Release Notes for Linux

Before importing this library, please install librdkafka-dev first:

$ sudo apt-get install librdkafka-dev

Quick Start

Kafka Client Configurations

Before starting any stream operations, it is necessary to apply settings to clients, i.e., producers or consumers.

Perfect Kafka provides two different categories of configuration, i.e.
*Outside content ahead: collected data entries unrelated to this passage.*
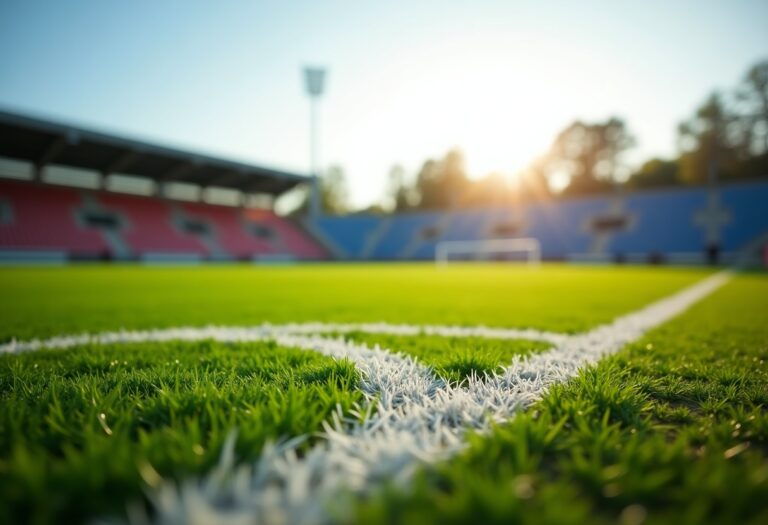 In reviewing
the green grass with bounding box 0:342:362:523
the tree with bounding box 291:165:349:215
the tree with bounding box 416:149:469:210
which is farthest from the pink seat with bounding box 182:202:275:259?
the green grass with bounding box 0:342:362:523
Kafka.Config() for global configurations and Kafka.TopicConfig() for topic configurations.

Initialization of Global Configurations

To create a configuration set with default value settings, simple call:

let conf = try Kafka.Config()

or, if another configuration based on an existing one can be also duplicated in such a form:

let conf = try Kafka.Config()
// this will keep the original settings and duplicate a new one
let conf2 = try Kafka.Config(conf)

Initialization of Topic Configurations

Topic configuration shares the same initialization fashion with global configuration.

To create a topic configuration with default settings, call:

let conf = try Kafka.TopicConfig()

or, if another configuration based on an existing one can be also duplicated in such a form:

let conf = try Kafka.TopicConfig()
// this will keep the original settings and duplicate a new one
let conf2 = try Kafka.TopicConfig(conf)

Access Settings of Configuration

Both Kafka.Config and Kafka.TopicConfig have the same api of accessing settings.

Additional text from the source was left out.